He was certainly glad the Emperor had been killed in the destruction of the second Death Star. Otherwise Lemelisk would really have been in trouble!

Now, on the Darksaber’s control deck, while Durga reeled in shock at the news of the captured saboteur, General Sulamar saw an opportunity. He became even more overbearing, swelling his chest so that the medals jangled. As if trying to outdo Durga’s obvious annoyance, Sulamar glared accusingly at Lemelisk.

“How could this happen?” Sulamar sniffed, as though Lemelisk had caused the problem by failing to plan for terrorists and sabotage in his original holographic blueprints. “In all my years serving the Empire, with thousands and thousands of people under my command, we performed the dirtiest, most difficult deeds. But I never had such a disastrous act of sabotage occur. Not while I was in charge.”

Lemelisk averted his gaze and muttered under his breath. “Well, there’s a first time for everything.”

* * *

Durga’s guards were angry and brutal. They beat Crix Madine every time he faltered, which made him stumble again … which allowed them to beat him again.…

He was bruised and bloodied by the time they shoved him into the turbolift on the way to the command deck. He felt none of the pain, focusing his thoughts, still in angry shock over Trandia’s death … but he accepted his capture and the consequences. This possibility had always been a shadow over every mission he led.

Madine kneaded his hands together, though they were bound behind his back. He was satisfied and confident—he had triggered the transmitter implanted in his palm. Even now the high-powered, specific-frequency message would be beaming across space, summoning assistance. The coded signal would be transmitted instantly through a security channel in the Galactic Holonet directly to Ackbar’s fleet.
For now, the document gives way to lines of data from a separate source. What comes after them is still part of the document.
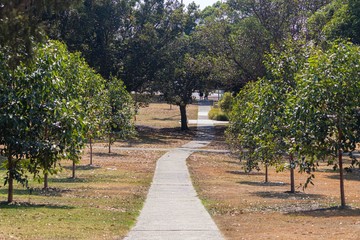 Walking path between a row of trees.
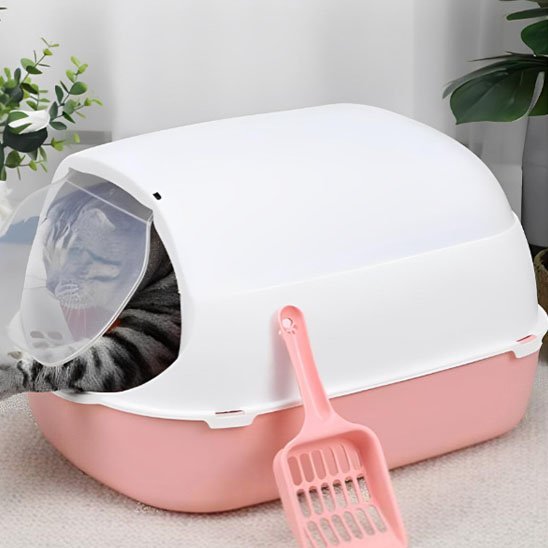 Bac à Litière pour Chat | LitiPure™ - Transportdodochat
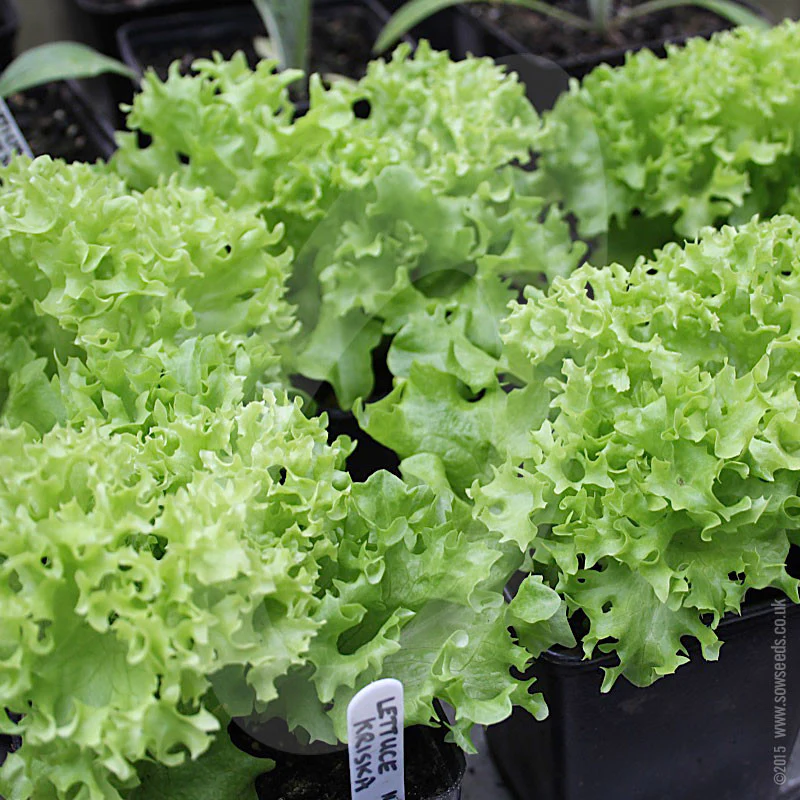 Lettuce Kriska (Lollo Bionda) Seeds - Image 4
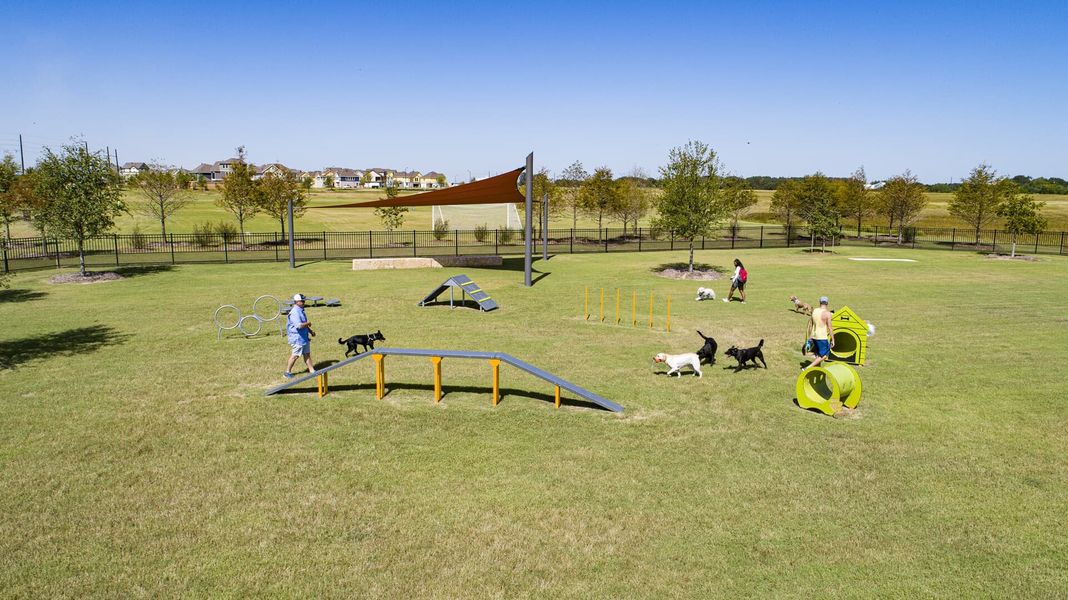 Pooch Play Structures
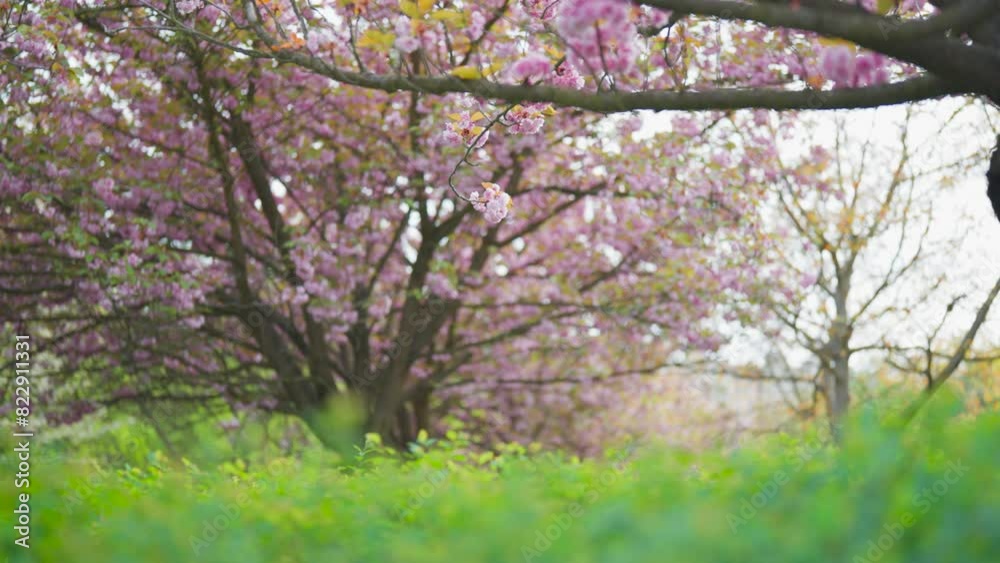 Idyllic view of blossoming Japanese cherry tree and green grass meadow, Czechia Idyllic view of blossoming Japanese cherry tree and green grass meadow, Czechia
It was just a matter of time … if only Madine could hold on.

The Gamorrean guards shoved him forward just as the turbolift doors opened, and he blinked in the command deck’s flood of light. His vision swam in and out of focus. He wondered if he had received a concussion from one of the vicious backhands the guards had dealt him.

Madine moved with a numb resignation. He had lost his team: Korenn dead in the asteroid belt, Trandia blowing herself up to save him and damage the Hutt battle station. In his youth Crix Madine had served the Empire faithfully for years. After defecting to the Rebellion, he had always suspected that this day would come, that he would continue to volunteer for more and more difficult covert operations—as if he wanted to be caught. Somehow he had known he would be captured and brought in chains to the enemy.

The guards dragged him into the presence of Durga the Hutt. Madine tried to sneer, but his face produced little more than a grimace and a wince of pain. Blood from a cut near his eye dribbled down his cheek into his beard.

The bloated Hutt lounged on his repulsor platform, the discolored blotch on his face like dye that someone had thrown across it. Madine swiveled his throbbing head and noticed a swaggering man in an Imperial general’s uniform. The general marched across the metal deck, striding toward him in polished black boots.

Madine looked up at the close-set eyes, the boyish face, the weak chin—and from the depths of his past a geyser of recollection erupted. He reacted with astonishment, drawing himself up as he stumbled against the guards holding him. Madine saw a flash of horrified recognition also wash across the face of the general.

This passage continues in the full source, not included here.